╔══
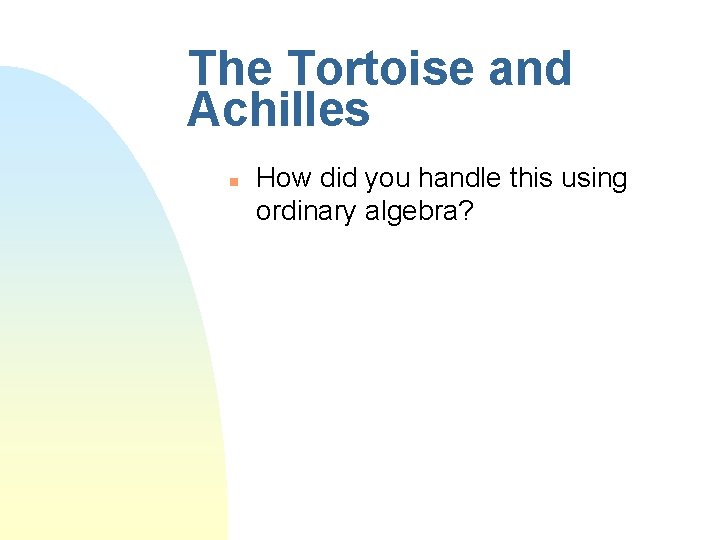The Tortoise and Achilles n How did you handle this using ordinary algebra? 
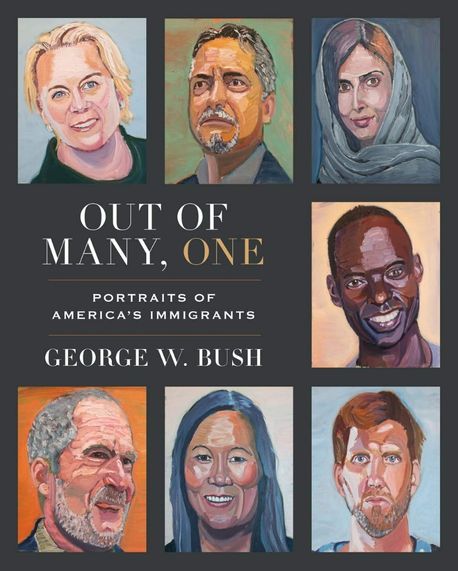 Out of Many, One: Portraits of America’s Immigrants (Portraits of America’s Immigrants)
╚══
╔══
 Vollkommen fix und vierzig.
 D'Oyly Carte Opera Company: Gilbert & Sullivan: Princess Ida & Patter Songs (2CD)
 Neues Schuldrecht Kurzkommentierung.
╚══
╔══
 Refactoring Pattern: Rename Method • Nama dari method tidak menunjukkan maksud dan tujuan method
╚══
§ **TASK GOAL**:
Your task for the entries above: copy exactly the span starting with the line with "D'Oyly Carte Opera" and going on through the line with "Neues Schuldrecht Kurzkommentierung.", both lines included, and nothing else.

§ **WRITTEN RESPONSE**:
 D'Oyly Carte Opera Company: Gilbert & Sullivan: Princess Ida & Patter Songs (2CD)
 Neues Schuldrecht Kurzkommentierung.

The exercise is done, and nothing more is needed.